On the other hand, a joint application also requires that you combine the debt obligations of each party that are carried in separate names. That is not an issue for you, but it could weaken other applications. The other downside of the joint application is that the lower of the two credit scores is used in pricing the loan. You do have that problem.

In deciding whether to apply singly or jointly, you need to consider the implications of the decision separately for qualification and pricing. Qualification is a yes/no affair; you either qualify for a particular loan type or you don’t. If you can only qualify by applying jointly, then that is what you do, and there is nothing more to consider. If you can qualify singly, you might still want to apply jointly if doing so results in a lower cost, a possibility considered below.

In determining whether you qualify, I used the qualification calculator on my website. The calculator shows the mortgages for which a user qualifies, the mortgages for which they don’t qualify, and exactly what they need to do to shift a mortgage from the second category to the first.

In qualifying you singly, I assumed that you put 5 percent down, which uses up most of your cash. With 5 percent down and a credit score of 800, you qualify for a 30-year fixed-rate loan and a 5/1 adjustable. You do not qualify for a 15-year fixed rate loan, however, because the larger payment on the 15 brings your debt-to-income ratio to 49.9 percent, which is above the maximum of 43 percent.

If you apply jointly, the larger joint income allows you to qualify for all three mortgages, including the 15-year. This is only relevant if you want the 15, which saves on interest cost but carries a substantially higher payment.

If you can qualify either way, your selection of single versus joint application can be based on the one that results in the lower cost. I measure your costs over the 7 years you expect to be in the house. They consist of upfront fees and charges, monthly payments including mortgage insurance, and interest loss on both upfront and monthly charges, less tax savings and balance reduction. On May 30, the total cost to you of a 30-year fixed-rate mortgage on a joint application was $100,499 compared to $112,634 on a single application. The cost difference on a 15-year was about the same.

A joint application will save you money because your wife has enough assets in her own name to double the size of the down payment, from 5 percent to 10 percent. The cost reduction resulting from the larger down payment swamps the cost increase stemming from using her lower credit score.

If you use a loan officer or mortgage broker to guide you through the process, his or her focus will be on qualification rather than pricing. If you can’t qualify, there can be no deal, and no deal means no commission. If you can only qualify in one way, whether it is single or joint, that is the way your adviser will guide you. And that’s OK, because on that issue your interests and those of your adviser are aligned. But if you can qualify either way, then you want to use the option that will cost the least, and in making that decision you may not receive any help.
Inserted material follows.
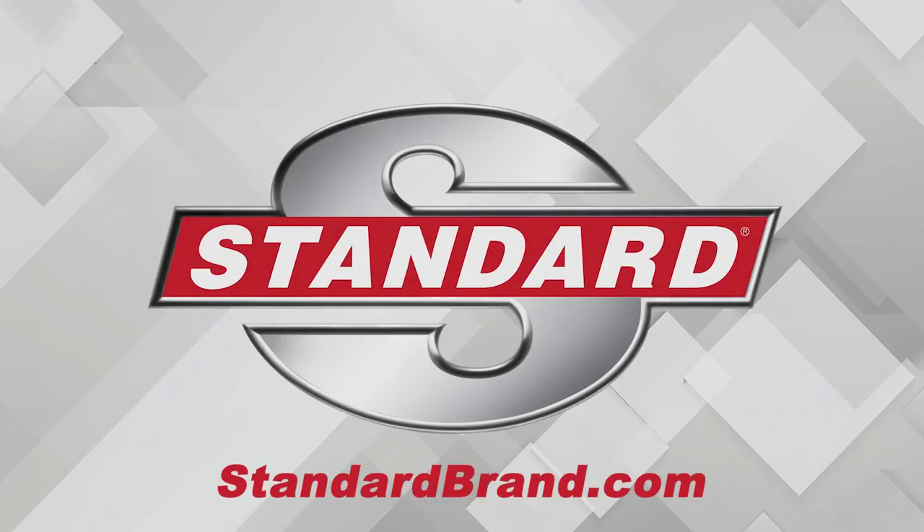I'm Brian Sexton, thanks for watching. Standard is proud to offer OE turbocharger kits designed for long-term performance in complex engines. Whether it's import, domestic, diesel, or gas, Standard has you covered.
Yet the issue is very simple. A joint application means a lower credit score, which raises the price. So you do it only if the spouse with the lower credit score has enough financial assets to lower the mortgage cost by increasing the down payment. Note that the increase in down payment must go past a pricing notch point: 5 percent, 10 percent, 15 percent or 20 percent. An increase from 5 percent to 9 percent will not help, but raising it from 9 percent to 10 percent will.

Of course, it would help even more if your spouse transferred her assets to you, so that you could apply singly with both a larger down payment and a higher credit score. I don’t recommend making an asset transfer on a temporary basis for the sole purpose of increasing the down payment, and the underwriter won’t allow it in any case. If you want to go this route without a challenge, the asset transfers should occur no less than 90 days prior to the date of the loan application. Because you started thinking about this early, you have the 90 days that are needed.